Layered Compositing of Facial Expression

Ken Perlin
Media Research Laboratory
Department of Computer Science
New York University

How does one make an embodied agent react with appropriate facial expression, without resorting to repetitive prebuilt animations? How does one mix and transition between facial expressions to visually represent shifting moods and attitudes? How can authors of these agents relate lower level facial movements to higher level moods and intentions? We introduce a computational engine which addresses these questions with a stratified approach. We first define a low level movement model having a discrete number of degrees of freedom. Animators can combine and layer these degrees of freedom to create elements of autonomous facial motion. Animators can then recursively build on this movement model to construct higher level models.

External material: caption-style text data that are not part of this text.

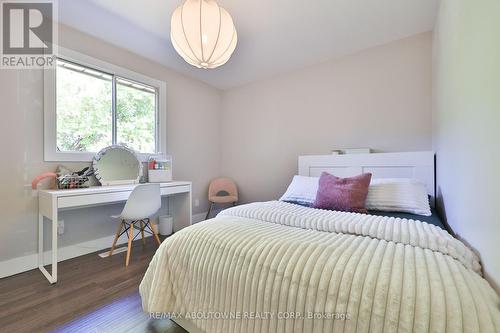 1131 Carol Street, Burlington, ON - Indoor Photo Showing Bedroom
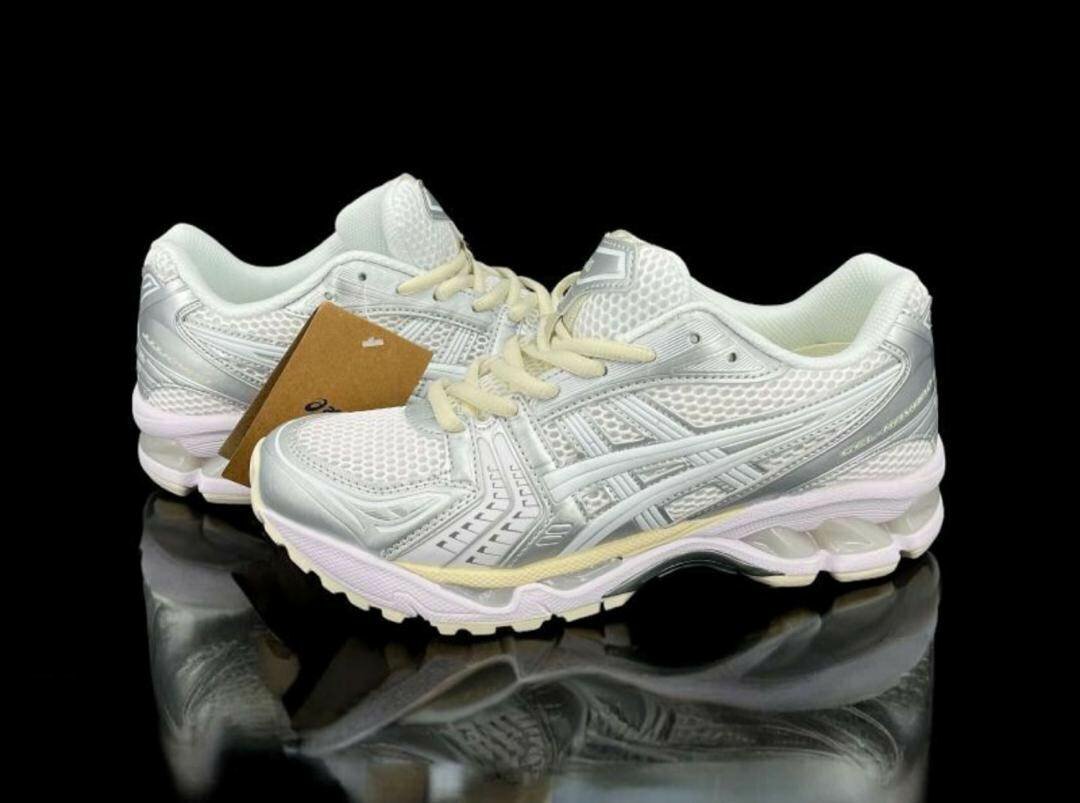 ASICS Baskets Running Blanches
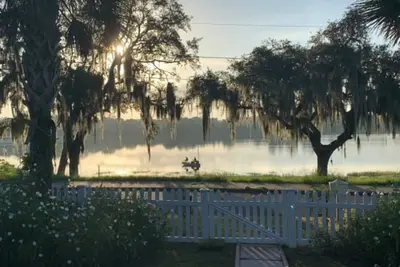 Image de Charming 1935 Florida Cottage overlooking Lake Tulane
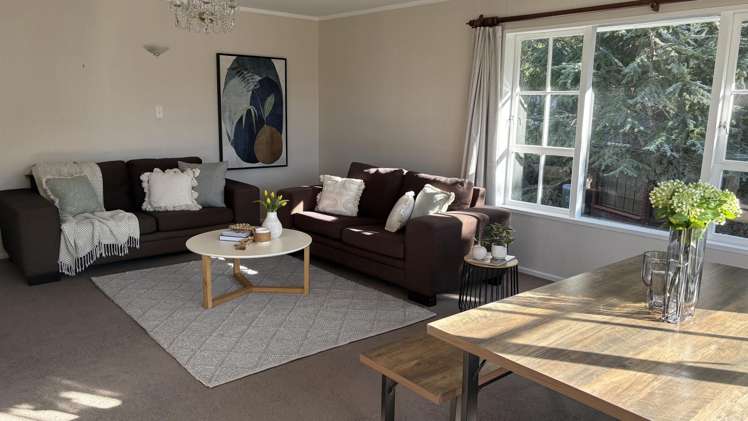 12 Newnham Court Tawa_6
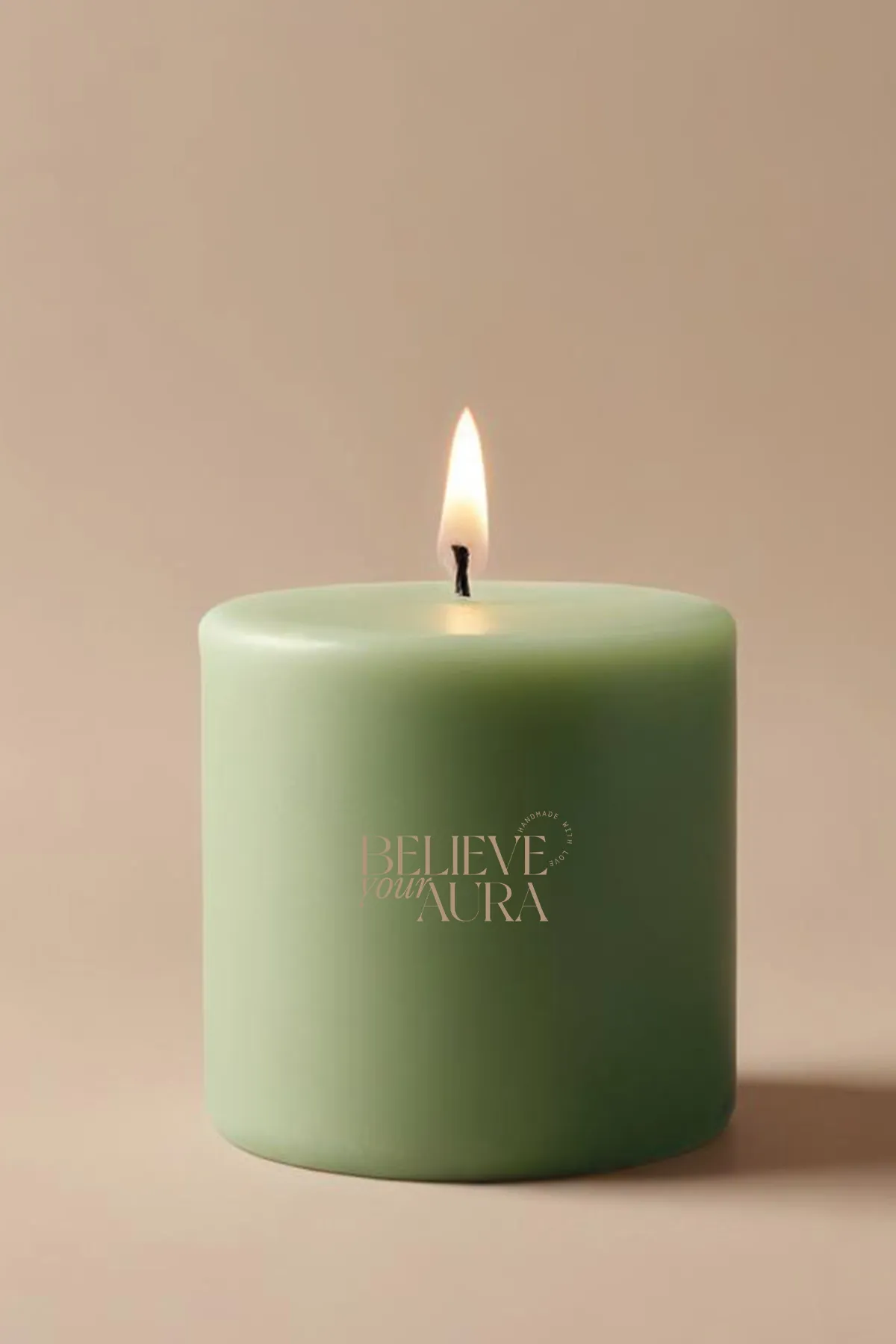Believe Your Aura Sandal Ağacı Kokulu %100 Doğal Soya Mumu Silindir Yeşil Dekoratif Mum - KLM200-15-28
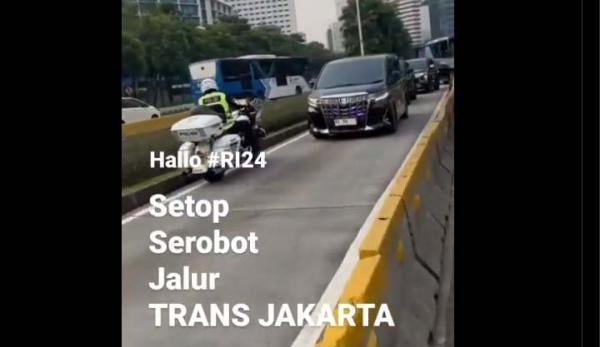 Mobil Dinas Nomor Pelat RI 24 dari Kementerian Agama Terobos Jalur Bus TransJakarta, Kena Macet Pak?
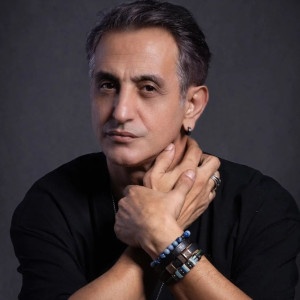 Актёр Рухи Сары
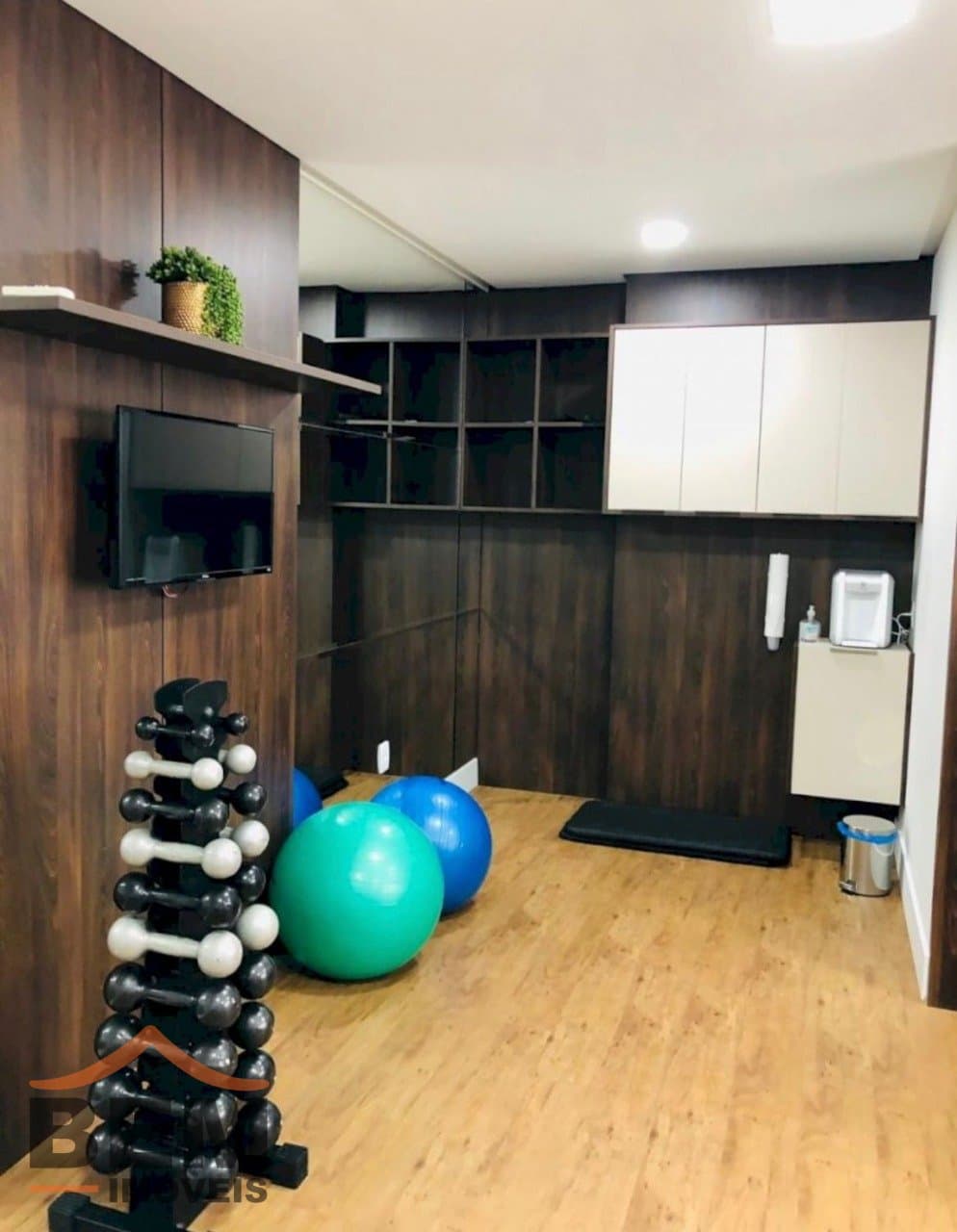 Apartamento à Venda com 4 quartos sendo 4 suítes, 3 vagas no bairro Centro em Itajaí/SC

In this way, animators can synthesize successively higher levels of autonomous facial expressiveness. A key feature of our computational approach is that composited movements tend to blend and layer in natural ways in the run time system. As the animator builds at higher levels, the correct layering priorities are always maintained at lower supporting levels. We have used this approach to create emotionally expressive autonomous facial agents.

angry, daydreaming, disgusted, distrustful

fiendish, haughty, head back, scolding, sad

smiling, sneezing, surprised, suspicious

Building on our work in Improvisational Animation [Siggraph 96], we use a parallel layered approach. Our authoring system allows its user to relate lower level facial movements to higher level moods and intentions by using a model inspired by optical compositing. We first allow the animator to abstract facial motion into a discrete number of degrees of freedom. The system does not impose a particular model at this stage, but rather allows the animator to define the degrees of freedom that he or she finds useful.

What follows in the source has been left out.